The 2012-13 season saw him leave Accrington just a couple of months into the season and join fellow League Two club Chesterfield. The club had an underwhelming start to the season following relegation from League One, and Cook was brought it to turn their fortunes around. Although the club narrowly missed out on the play-offs by two points in his first season, Cook led the team to the title in the following season and almost led the club to a double promotion in his third.

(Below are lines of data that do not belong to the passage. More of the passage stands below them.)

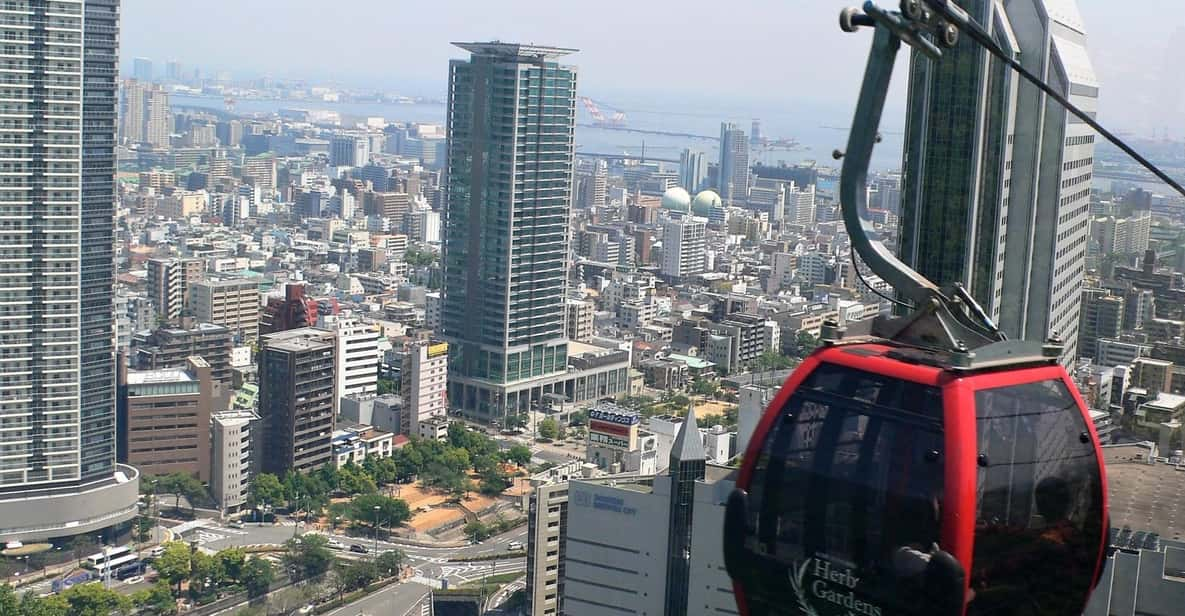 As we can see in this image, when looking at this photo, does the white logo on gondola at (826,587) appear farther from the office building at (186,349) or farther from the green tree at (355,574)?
the office building at (186,349)

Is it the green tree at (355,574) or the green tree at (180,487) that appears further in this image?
the green tree at (180,487)

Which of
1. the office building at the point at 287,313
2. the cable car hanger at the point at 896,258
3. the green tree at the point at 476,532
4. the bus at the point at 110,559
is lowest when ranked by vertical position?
the bus at the point at 110,559

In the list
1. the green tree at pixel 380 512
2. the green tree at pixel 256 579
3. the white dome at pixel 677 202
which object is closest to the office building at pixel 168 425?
the green tree at pixel 380 512

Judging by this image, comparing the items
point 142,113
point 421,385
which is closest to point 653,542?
point 421,385

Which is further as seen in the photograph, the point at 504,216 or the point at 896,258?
the point at 504,216

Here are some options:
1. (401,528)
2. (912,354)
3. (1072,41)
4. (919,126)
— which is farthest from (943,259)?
(912,354)

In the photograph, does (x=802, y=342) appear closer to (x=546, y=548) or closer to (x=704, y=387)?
(x=704, y=387) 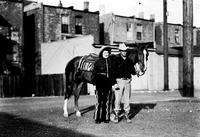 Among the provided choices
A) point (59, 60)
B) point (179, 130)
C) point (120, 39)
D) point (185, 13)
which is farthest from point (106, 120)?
point (120, 39)

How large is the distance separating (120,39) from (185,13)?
105 ft

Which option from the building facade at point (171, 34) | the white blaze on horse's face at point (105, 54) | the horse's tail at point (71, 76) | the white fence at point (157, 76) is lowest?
the white fence at point (157, 76)

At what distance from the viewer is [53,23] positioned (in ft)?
147

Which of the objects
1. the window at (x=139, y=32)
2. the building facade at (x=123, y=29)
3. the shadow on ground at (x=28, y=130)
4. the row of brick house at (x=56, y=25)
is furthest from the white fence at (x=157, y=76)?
the shadow on ground at (x=28, y=130)

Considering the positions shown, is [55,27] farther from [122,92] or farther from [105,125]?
[105,125]

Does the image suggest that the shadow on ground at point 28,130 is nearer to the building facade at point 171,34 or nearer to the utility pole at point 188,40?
the utility pole at point 188,40

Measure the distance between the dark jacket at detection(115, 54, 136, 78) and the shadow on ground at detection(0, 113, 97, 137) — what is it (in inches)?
86.7

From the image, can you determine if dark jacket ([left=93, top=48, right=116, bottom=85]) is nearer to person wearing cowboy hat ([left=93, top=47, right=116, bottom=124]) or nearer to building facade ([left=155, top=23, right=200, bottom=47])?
person wearing cowboy hat ([left=93, top=47, right=116, bottom=124])

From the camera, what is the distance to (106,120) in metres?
11.1

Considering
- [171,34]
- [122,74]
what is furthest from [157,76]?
[122,74]

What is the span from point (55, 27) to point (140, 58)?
115 feet

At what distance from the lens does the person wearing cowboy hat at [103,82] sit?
10.9 m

Although he was currently managing in League One at this point in his career, Cook decided to drop down a division and join Portsmouth who had rapidly dropped down the divisions a few years prior to his appointment. He led the team to promotion in 2017 following a dramatic last day where they ended up clinching the title.
Wigan Athletic
After claiming that he would never leave Portsmouth, Cook ended up joining us a couple of weeks later on a three year deal. Following relegation from the Championship, Cook’s first objective was to secure an immediate return to the second division. He secured promotion in his first season, winning the league title with 98 points and going on an impressive FA Cup run. His most impressive result was a 1-0 win over a record-breaking Manchester City team who broke the 100 point mark last season.
This season is the highest division which Paul Cook has managed in during his managerial career, and his first priority will be avoiding relegation. A recent poor run of form has left us dangerously close to the relegation zone, but the promising first few games of the season shows that Cook and the players have enough about them to survive.